Task requirements:
Only one stretch of the records below should be repeated. It starts with the line containing "Safavieh AMT412E-5 Amherst" and goes on through the line containing "5 PCS 6B Piping", exactly as written.

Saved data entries
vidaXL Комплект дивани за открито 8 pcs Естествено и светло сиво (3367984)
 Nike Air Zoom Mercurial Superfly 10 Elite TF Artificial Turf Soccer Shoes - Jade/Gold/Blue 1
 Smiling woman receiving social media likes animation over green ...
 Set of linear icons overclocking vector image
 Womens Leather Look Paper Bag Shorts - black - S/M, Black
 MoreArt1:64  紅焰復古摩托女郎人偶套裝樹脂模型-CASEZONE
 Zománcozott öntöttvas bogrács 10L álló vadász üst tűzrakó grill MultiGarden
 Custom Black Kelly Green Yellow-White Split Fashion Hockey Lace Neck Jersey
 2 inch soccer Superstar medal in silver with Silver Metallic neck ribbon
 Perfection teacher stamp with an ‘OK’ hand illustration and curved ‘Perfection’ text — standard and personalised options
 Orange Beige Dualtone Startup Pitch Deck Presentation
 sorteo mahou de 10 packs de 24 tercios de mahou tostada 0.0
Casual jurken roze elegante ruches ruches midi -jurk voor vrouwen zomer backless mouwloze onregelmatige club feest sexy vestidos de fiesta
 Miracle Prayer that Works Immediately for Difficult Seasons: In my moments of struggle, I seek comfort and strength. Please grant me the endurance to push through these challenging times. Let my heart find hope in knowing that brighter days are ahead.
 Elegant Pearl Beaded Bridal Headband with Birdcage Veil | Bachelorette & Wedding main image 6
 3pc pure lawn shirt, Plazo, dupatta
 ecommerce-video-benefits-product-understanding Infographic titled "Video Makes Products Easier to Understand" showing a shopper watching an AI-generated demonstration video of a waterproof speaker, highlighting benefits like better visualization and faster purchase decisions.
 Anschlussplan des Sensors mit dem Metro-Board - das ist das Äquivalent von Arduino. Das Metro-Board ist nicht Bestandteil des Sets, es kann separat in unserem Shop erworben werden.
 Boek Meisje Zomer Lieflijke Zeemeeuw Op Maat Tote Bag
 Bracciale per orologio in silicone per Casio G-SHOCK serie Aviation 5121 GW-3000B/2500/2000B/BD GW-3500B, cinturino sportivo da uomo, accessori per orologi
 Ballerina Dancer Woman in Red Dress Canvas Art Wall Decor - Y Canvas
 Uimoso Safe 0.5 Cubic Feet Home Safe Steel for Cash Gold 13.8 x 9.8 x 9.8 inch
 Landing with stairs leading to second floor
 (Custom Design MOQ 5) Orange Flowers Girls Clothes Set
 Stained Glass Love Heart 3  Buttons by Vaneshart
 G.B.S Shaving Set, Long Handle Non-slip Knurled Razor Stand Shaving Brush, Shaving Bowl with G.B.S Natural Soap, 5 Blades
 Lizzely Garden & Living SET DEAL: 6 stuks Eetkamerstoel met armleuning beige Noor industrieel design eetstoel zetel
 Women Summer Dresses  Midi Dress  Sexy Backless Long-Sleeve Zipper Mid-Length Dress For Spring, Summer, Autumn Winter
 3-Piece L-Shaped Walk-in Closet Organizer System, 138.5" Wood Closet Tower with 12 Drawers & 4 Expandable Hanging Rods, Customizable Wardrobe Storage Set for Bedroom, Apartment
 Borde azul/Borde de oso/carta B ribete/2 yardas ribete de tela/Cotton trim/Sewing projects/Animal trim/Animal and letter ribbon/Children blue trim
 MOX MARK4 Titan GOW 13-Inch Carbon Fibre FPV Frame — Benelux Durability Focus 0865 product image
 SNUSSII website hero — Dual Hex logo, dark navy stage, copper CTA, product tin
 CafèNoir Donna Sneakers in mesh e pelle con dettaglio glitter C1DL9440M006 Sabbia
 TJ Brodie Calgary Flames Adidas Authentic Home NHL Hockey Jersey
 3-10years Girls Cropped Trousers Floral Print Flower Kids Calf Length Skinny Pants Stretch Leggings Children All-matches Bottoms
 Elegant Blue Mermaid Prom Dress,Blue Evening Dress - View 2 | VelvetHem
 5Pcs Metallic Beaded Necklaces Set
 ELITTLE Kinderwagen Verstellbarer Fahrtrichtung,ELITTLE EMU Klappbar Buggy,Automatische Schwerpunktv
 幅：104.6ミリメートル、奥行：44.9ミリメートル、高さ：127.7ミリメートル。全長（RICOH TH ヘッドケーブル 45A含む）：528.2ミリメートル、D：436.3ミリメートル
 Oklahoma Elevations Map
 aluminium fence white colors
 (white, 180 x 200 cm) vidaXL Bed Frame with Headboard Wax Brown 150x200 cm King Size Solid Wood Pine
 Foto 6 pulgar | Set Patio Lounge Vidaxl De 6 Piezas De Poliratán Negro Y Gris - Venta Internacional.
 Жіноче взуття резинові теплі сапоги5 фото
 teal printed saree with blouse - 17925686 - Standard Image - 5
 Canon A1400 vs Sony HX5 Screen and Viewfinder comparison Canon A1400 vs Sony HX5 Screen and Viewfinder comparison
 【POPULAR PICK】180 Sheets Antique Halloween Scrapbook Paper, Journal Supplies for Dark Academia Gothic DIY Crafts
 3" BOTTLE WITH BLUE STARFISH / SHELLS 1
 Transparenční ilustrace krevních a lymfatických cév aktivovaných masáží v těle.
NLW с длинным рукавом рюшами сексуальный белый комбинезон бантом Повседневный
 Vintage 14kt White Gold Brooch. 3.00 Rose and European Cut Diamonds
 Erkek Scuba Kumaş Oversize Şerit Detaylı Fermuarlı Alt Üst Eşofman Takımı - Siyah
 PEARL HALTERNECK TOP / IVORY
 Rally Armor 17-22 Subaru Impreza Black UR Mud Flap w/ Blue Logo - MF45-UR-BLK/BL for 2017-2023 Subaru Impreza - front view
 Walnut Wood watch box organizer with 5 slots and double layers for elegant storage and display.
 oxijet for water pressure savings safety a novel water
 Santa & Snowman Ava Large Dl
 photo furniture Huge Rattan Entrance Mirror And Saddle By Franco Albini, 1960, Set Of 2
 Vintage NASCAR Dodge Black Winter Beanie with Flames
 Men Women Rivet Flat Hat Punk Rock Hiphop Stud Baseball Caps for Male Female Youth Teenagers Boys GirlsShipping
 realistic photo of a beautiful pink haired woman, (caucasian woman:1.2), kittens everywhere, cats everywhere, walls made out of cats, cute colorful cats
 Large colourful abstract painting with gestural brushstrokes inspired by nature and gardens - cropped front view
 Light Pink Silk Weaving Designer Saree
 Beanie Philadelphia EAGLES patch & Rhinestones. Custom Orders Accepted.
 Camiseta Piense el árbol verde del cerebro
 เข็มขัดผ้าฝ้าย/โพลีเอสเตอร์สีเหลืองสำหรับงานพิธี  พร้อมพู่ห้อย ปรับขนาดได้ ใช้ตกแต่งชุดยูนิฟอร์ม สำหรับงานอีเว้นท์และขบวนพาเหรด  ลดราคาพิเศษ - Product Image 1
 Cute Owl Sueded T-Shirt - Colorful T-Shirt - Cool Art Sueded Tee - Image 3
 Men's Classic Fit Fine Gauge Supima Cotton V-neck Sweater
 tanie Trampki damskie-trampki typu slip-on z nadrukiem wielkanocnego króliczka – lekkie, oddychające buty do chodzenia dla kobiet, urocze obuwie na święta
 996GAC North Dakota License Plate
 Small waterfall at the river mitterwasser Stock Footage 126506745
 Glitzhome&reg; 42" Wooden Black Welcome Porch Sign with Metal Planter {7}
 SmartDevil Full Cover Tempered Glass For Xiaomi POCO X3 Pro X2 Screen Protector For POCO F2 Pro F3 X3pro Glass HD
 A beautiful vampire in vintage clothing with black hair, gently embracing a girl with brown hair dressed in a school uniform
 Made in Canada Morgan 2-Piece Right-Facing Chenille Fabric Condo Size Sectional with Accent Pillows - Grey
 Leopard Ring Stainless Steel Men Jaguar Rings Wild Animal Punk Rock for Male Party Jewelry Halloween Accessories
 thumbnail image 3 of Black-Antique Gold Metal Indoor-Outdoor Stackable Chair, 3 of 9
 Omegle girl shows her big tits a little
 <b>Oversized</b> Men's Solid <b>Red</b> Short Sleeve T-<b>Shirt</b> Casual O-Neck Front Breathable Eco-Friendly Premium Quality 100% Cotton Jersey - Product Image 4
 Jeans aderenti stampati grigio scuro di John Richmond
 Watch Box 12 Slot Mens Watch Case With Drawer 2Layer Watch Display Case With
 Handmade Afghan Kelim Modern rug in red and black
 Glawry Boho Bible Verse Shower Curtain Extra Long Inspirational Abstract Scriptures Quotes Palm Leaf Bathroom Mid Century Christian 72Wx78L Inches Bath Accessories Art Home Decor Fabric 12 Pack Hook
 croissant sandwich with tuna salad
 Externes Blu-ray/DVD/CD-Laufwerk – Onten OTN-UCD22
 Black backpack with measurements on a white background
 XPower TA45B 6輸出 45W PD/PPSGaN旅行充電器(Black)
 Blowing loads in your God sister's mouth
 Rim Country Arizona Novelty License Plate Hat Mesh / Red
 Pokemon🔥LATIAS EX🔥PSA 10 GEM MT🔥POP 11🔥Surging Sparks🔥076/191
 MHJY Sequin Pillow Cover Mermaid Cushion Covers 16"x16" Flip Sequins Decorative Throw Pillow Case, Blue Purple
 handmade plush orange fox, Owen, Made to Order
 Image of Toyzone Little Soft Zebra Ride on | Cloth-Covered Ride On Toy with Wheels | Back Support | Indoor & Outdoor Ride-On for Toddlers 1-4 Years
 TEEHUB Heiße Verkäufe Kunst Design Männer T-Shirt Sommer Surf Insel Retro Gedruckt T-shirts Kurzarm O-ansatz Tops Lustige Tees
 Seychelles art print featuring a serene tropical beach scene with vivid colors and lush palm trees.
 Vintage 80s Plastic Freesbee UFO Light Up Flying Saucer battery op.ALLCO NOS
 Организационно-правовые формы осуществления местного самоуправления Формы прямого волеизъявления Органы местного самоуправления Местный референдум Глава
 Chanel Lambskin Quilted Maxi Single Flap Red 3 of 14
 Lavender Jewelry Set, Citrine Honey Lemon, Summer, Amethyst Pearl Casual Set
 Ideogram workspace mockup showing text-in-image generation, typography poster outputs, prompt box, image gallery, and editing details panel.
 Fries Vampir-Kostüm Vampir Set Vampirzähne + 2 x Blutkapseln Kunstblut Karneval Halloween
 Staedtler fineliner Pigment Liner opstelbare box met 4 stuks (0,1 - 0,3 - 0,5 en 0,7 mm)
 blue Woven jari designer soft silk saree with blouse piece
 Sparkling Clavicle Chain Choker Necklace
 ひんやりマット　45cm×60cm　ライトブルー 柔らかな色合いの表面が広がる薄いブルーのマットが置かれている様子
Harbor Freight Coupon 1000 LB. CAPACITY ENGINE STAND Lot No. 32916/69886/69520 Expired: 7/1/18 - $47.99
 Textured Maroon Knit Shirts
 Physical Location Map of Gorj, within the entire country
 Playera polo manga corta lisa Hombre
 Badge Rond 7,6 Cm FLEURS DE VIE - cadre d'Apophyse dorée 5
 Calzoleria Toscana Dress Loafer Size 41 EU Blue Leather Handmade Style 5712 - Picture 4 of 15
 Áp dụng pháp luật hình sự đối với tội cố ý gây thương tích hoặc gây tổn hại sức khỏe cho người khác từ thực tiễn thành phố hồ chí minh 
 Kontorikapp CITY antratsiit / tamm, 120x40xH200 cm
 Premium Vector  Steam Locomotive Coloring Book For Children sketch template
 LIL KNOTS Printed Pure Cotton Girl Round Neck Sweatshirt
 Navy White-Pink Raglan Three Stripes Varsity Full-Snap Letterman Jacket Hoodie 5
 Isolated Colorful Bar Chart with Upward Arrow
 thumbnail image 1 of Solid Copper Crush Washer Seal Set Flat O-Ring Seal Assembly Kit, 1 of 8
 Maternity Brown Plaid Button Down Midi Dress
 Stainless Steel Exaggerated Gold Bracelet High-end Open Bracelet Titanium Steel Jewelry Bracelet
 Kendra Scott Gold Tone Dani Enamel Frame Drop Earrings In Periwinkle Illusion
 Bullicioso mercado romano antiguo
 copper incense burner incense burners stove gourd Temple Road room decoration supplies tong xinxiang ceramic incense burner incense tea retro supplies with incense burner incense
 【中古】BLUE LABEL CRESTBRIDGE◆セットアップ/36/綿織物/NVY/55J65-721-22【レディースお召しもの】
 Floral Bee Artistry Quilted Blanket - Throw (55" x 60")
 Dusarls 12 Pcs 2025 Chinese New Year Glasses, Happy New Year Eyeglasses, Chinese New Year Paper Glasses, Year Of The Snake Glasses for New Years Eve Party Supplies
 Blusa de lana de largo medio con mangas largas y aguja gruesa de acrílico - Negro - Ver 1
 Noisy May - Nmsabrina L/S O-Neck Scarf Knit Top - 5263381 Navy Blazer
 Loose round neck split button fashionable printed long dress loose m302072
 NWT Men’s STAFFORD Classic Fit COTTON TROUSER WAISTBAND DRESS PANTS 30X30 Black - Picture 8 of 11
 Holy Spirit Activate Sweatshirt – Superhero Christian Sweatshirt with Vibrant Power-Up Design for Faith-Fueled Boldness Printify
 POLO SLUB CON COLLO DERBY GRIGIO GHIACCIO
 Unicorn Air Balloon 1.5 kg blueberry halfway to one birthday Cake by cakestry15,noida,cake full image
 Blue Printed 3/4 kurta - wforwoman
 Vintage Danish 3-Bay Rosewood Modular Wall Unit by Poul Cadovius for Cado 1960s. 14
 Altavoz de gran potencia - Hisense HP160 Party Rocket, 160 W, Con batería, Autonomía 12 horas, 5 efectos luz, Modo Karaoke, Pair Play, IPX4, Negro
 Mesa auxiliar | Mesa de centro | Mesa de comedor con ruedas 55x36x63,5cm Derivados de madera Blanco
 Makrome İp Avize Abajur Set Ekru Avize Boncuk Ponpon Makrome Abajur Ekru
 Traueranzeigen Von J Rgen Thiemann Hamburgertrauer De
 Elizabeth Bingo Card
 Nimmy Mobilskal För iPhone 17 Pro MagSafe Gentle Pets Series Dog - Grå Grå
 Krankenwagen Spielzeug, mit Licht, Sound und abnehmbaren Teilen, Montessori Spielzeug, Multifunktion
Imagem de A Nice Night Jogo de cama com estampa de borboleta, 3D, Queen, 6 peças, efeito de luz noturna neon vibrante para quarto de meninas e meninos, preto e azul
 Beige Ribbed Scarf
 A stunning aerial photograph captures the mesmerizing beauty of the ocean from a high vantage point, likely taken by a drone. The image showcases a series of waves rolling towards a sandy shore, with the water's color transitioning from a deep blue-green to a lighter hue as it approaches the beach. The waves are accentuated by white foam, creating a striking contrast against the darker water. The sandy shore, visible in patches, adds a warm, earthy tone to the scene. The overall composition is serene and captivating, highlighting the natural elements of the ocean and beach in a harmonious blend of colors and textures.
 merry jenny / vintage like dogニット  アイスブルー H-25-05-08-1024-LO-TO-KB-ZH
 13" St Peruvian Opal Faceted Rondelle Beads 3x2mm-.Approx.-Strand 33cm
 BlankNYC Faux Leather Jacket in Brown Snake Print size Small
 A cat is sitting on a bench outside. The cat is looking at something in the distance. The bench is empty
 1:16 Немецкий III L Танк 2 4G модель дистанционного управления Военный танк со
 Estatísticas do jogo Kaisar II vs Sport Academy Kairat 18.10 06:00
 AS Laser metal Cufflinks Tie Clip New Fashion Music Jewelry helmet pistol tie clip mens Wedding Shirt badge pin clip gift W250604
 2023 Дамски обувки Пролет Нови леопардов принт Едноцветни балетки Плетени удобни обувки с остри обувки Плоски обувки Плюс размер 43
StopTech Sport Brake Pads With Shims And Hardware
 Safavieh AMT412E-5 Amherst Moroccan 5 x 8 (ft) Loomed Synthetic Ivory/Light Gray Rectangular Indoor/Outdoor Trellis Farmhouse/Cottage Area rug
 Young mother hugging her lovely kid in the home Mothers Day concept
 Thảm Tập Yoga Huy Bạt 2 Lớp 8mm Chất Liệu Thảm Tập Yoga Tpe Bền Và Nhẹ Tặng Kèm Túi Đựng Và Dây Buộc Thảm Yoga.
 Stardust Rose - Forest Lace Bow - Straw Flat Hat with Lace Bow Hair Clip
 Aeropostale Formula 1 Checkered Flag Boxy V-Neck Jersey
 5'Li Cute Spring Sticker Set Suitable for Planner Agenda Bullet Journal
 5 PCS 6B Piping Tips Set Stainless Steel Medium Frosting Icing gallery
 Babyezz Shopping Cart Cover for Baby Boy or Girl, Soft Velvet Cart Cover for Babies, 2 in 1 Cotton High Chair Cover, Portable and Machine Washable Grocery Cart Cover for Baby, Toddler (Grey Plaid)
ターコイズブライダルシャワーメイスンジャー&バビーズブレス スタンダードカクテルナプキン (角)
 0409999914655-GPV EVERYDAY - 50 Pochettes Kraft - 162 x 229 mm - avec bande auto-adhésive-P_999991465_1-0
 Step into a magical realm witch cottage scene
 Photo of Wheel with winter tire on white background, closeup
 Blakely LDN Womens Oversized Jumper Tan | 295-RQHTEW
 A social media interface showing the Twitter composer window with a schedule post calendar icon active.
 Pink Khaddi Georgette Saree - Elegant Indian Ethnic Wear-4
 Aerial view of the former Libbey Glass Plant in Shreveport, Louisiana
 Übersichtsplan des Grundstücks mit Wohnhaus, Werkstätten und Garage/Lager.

Reply to the task:
 Safavieh AMT412E-5 Amherst Moroccan 5 x 8 (ft) Loomed Synthetic Ivory/Light Gray Rectangular Indoor/Outdoor Trellis Farmhouse/Cottage Area rug
 Young mother hugging her lovely kid in the home Mothers Day concept
 Thảm Tập Yoga Huy Bạt 2 Lớp 8mm Chất Liệu Thảm Tập Yoga Tpe Bền Và Nhẹ Tặng Kèm Túi Đựng Và Dây Buộc Thảm Yoga.
 Stardust Rose - Forest Lace Bow - Straw Flat Hat with Lace Bow Hair Clip
 Aeropostale Formula 1 Checkered Flag Boxy V-Neck Jersey
 5'Li Cute Spring Sticker Set Suitable for Planner Agenda Bullet Journal
 5 PCS 6B Piping Tips Set Stainless Steel Medium Frosting Icing gallery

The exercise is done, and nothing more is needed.